Next the second bit 001110 tells us that we should split the bounds along the spatial x-median, between x=3 and x=4, and again visit the lower child. This yields the new bounds (0,0) -> (3,3)

Repeating this process for all bit in the morton code we get the bounds
(0,0) -> (3,3) => (0,2) -> (3,3) => (2,2) -> (3,3) => (2,3) -> (3,3) => (2,3) -> (2,3)
where the last bounds enclose our starting cell (2,3) perfectly.

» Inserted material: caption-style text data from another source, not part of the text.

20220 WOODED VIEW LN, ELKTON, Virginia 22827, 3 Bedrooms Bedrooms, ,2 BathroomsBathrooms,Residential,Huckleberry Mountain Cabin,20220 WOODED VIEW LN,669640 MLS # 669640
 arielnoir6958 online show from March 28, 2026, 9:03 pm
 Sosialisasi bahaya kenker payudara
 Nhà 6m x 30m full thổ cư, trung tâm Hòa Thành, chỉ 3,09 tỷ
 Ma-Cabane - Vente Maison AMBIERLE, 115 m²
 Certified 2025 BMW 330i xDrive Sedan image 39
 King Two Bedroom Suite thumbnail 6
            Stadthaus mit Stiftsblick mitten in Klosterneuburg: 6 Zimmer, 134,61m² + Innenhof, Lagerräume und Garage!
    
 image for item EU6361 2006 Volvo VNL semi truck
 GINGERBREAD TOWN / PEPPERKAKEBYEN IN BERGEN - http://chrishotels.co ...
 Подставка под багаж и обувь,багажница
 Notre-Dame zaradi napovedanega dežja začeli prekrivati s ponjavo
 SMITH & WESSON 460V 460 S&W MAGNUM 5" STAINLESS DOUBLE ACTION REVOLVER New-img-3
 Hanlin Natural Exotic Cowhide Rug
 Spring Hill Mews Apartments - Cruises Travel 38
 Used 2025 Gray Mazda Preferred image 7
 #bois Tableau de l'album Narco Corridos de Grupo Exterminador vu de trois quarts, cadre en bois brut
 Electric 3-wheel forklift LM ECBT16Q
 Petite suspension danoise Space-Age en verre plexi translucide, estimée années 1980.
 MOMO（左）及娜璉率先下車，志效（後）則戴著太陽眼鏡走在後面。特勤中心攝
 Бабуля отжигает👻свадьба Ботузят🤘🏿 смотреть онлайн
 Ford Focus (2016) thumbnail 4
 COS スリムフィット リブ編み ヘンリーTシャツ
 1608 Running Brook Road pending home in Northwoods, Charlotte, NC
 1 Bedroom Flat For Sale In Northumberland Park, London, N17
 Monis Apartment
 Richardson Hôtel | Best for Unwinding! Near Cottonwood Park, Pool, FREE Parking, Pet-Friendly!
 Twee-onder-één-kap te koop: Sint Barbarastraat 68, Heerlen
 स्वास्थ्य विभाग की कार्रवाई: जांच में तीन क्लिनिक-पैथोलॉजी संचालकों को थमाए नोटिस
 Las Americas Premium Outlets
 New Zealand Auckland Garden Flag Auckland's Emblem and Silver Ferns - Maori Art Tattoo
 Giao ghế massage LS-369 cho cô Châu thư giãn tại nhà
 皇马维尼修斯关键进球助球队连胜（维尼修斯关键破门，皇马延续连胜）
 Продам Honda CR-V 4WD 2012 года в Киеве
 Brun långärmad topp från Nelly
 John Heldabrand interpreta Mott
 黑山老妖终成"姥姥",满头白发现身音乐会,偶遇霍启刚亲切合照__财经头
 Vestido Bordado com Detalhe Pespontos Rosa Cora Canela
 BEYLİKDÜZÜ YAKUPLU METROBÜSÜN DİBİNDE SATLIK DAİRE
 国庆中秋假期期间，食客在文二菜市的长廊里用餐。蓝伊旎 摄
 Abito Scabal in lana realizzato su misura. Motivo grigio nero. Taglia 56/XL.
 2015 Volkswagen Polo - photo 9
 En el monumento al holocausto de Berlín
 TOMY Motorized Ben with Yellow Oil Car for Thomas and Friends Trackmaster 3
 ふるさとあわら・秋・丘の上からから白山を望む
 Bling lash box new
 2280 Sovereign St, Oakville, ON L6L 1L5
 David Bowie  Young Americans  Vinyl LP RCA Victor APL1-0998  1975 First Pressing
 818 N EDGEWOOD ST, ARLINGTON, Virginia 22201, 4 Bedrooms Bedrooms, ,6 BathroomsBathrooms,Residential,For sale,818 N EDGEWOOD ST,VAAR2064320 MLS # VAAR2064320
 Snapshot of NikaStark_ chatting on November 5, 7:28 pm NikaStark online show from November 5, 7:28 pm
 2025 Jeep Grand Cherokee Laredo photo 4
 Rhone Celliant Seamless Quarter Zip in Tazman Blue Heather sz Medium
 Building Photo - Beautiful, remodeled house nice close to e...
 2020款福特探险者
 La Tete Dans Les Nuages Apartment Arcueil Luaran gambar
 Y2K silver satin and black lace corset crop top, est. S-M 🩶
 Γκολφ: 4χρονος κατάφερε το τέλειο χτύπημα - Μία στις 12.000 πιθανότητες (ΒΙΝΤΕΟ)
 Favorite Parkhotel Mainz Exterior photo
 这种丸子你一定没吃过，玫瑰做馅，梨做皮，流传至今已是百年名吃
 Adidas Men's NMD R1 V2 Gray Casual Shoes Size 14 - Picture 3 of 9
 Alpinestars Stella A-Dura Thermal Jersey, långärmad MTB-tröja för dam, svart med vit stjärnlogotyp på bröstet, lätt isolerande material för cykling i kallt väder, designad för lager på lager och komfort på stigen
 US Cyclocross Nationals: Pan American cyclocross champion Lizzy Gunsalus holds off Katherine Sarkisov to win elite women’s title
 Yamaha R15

Usually, knowing how to encode and decode Morton codes is enough to sort data and create acceleration structures around that data. However, recently I've had to recursively assign geometry to a sorted list of rays, starting with assigning the geometry seen by all the rays to the root node and then recursively refine that for each child. In order to do that I found it helpful to do several things.

• Given two Morton codes, m0 and m1, determine the Morton code that encodes the minimum coordinates of both m0 and m1.
• Given two Morton codes determine the encoding of their maximum coordinates.
Minimum and maximum

Finding the Morton code that encodes the minimum coordinates of two Morton codes is trivial.

MortonCode Minimum2(MortonCode lhs, MortonCode lhs) {
unsigned int lhsX, lhsY, rhsX, rhsY;

// Decode the left hand side coordinates.
MortonDecode2(lhs, lhsX, lhsY);

// Decode the right hand side coordinates.
MortonDecode2(rhs, rhsX, rhsY);

// Find the minimum of the coordinates and re-encode.
return MortonCode2(Min(lhsX, rhsX), Min(lhsY, rhsY));
}


But we can do better! Decoding and re-encoding means doing a lot of bit-shifting instructions that we'd like to avoid. First, realising that we're not interested in the actual values of x and y, but rather the minimum of their encoded values is a tremendous help. Secondly, SeperateBy1 preserves ordering, so if X < Y then SeperateBy1(X) < SeperateBy1(Y), as long as X and Y are valid coordinates. Using this we can construct a Minimum function that avoids a lot of instructions.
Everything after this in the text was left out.